The morning session will also cover how to correctly choose plants from a nursery, how to plant them, when or if they need to be fertilized, and pruning tips. Container planting will also be discussed.
After lunch, the afternoon session will be about plants, plants and more plants. Jan will bring a truckload of desert adapted plants, and she will talk about the features of each one. At the end of the workshop, the plants will be for sale.
There is a wide variety of plants from groundcovers to trees that work very well in a low water landscape. Trailing indigo bush, lantana, verbenas and sundrops make dense and colorful groundcovers while the soft wooly butterfly bush tempts you to rub its fuzzy leaves. Who says desert plants are prickly?

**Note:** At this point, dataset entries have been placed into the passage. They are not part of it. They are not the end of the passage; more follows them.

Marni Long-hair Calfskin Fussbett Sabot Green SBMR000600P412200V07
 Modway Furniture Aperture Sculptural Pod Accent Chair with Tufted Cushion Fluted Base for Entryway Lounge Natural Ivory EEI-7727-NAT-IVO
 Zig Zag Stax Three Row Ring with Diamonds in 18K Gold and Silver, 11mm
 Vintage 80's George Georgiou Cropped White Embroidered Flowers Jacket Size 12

exas rangers (often called sages) come in many varieties with flowers of white to rich purple. The leaves of this evergreen bush can be deep green to almost white. If a tall Texas ranger doesn't fit your landscape plan, then how about selecting a short one? Because of its diversity, the Texas ranger is a winner in the desert landscape.
When you know how to put it all together - learning about your site, choosing the right plants, planting carefully, watering correctly and knowing how to care for your landscape - you will have the right recipe for a successful landscape.
Grab your lunch and come on over to the Folklore Preserve on August 5 and learn how easy it can be.
For more information on water conservation and to access the Water Wise Hot-Line, call 364-4146. Water Wise literature is also available at the city library and on the website www.ag.arizona.edu/cochise/waterwise. The Douglas Water Wise program is conducted in partnership with Cochise County.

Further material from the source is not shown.